14 de nov. de 2021

 


 É estranho não ser mais um grande esforço conter as palavras que por anos fluíram como uma barragem rompida. Agora, até pequenas ilusões que mal tiram algum suspiro mais profundo mostram ter um sabor mais intenso. 

E é então isso que existe depois da eternidade; depois da última borda da galáxia, o após, o além para onde o universo ainda não se expandiu. 

Mas eu sempre encontro uma forma de olhar para trás, porque lá fora os campos verdejam outra vez, mas aqui dentro a estiagem parece ser permanente; assim volto em uma busca infausta por algum detalhe que não tenha sido lapidado, lustrado, colocado diante da luz para que eu veja seus últimos reflexos coloridos. 

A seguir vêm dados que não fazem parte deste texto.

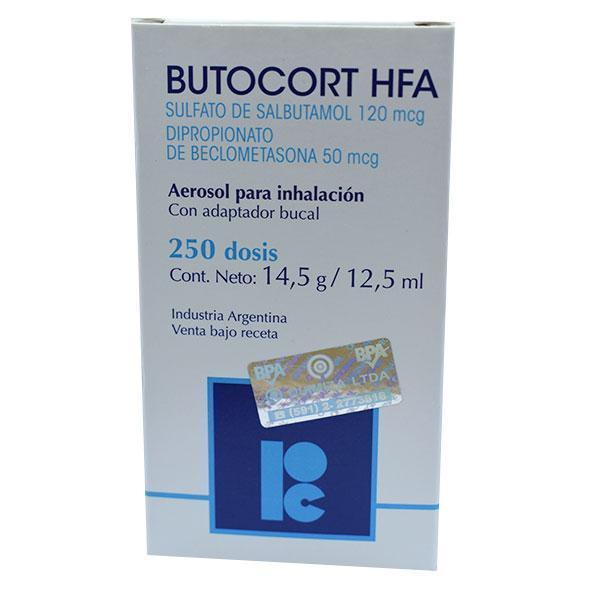 Butocort Hfa Aerosol P/Inhal. 250Ds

Então eu me lembro, ah sim... Nós cruzando o sinal vermelho que se derretia junto da água salgada e abundante que escorria dos olhos, e da sua voz me chamando de anjo pela última vez. 

Muitos outros sinais velhos foram cruzados depois, mas sua voz nunca mais foi ouvida. 

Quando será que você se livrou do cachecol branco que lhe dei?

Quando será que crescemos o bastante para aprender quando desistir? 

Sei que os anos tiram quase tudo, e a única prova da nossa existência se resume ao velho bilhete do ônibus que me levou para sua cidade rude, este que não tive coragem de queimar. 

E eu sempre falo como se alguém me ouvisse, e continuo e continuo... um monólogo confuso e quase constante; um pedido de socorro, as últimas pinceladas em um quadro que nunca fica pronto; eu continuo, como se não fosse só eu aqui, livre por entre essas linhas, como nos sonhos onde de tanto preciso fugir, mas onde também posso voar. 

A saudade que ficou é de mim.

A saudade é daquilo que um dia despertou daqui do fundo e era tão, tão bonito e que eu me esforço e me esforço, mas que não sei mais como extrair. 

Só sei que está ali, inteiro, intacto, latente. 

As palavras talvez nunca tenham sido para você, para ninguém. Para nenhum anjo, para nenhum demônio. Elas todas foram e são para esse fragmento belo, precioso e sagrado de vida tão bem oculto. Elas foram e são pequenas pedras colocadas com paciência e delicadeza na contrução de uma ponte que um dia, finalmente, me levará até mim mesmo.